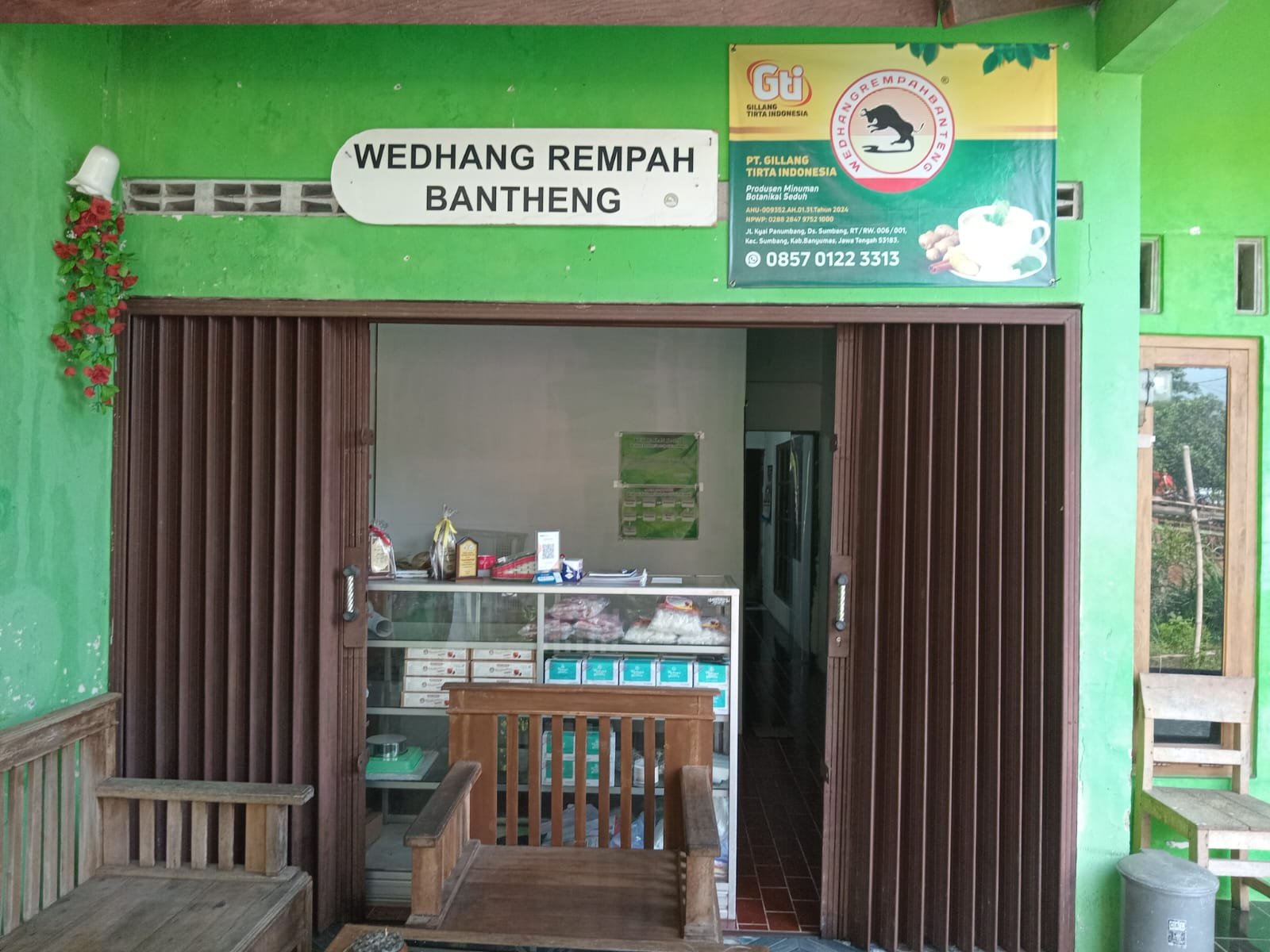 Dari Banyumas Menembus Nusantara, Bu Dasilah Kembangkan Wedhang Rempah Banteng dengan Semangat UMKM Lokal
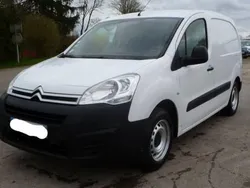 Utilisé 2018 Citroën Berlingo Monospace | 11 700 € (Prix assez cher)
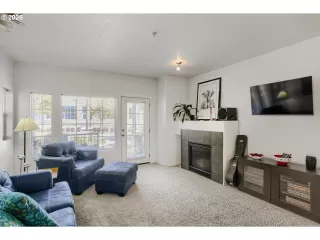 Photo #1: 387242958 Listing 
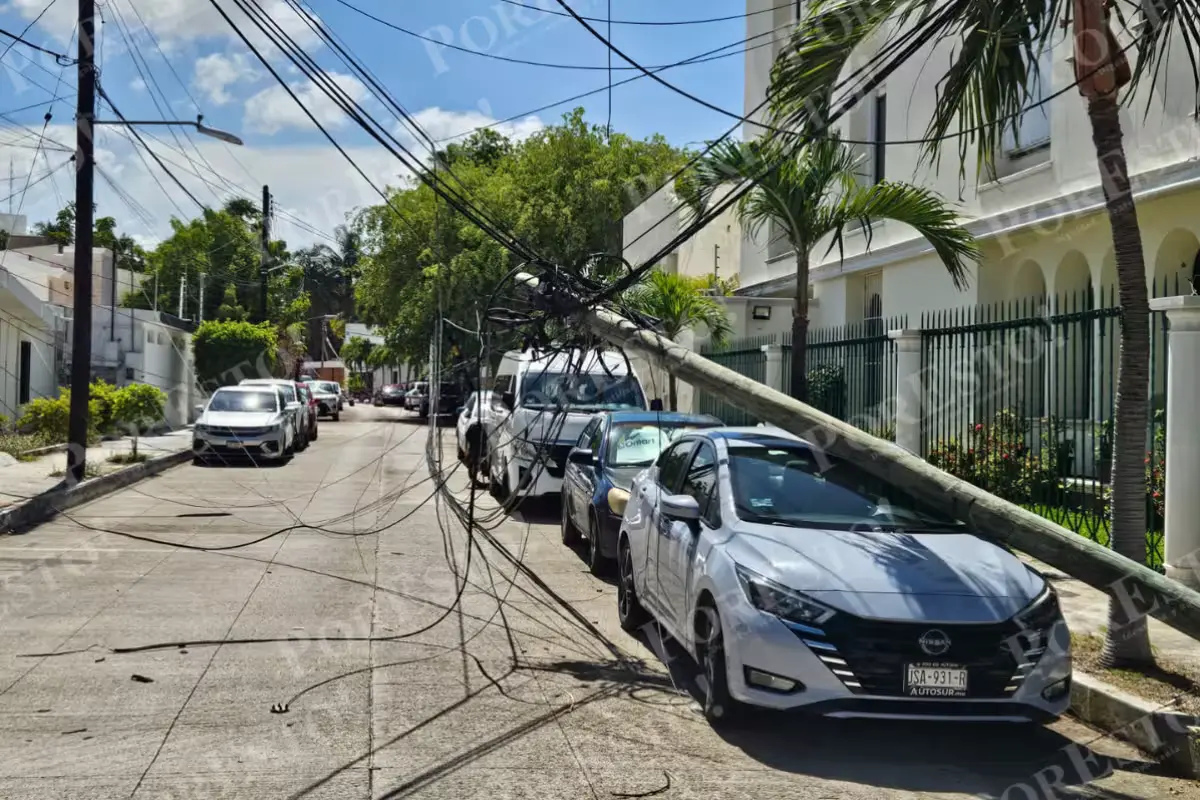 A trailer knocked down wooden poles and damaged parked vehicles on Bonampak Avenue in Cancún, Mexico.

------------------------------

**Exercise goal**
Copy exactly the lines from the line holding "Photo #1: 387242958 Listing" to the final line of the listing, and leave the pictures out.

**Exercise response**
 Photo #1: 387242958 Listing 
 A trailer knocked down wooden poles and damaged parked vehicles on Bonampak Avenue in Cancún, Mexico.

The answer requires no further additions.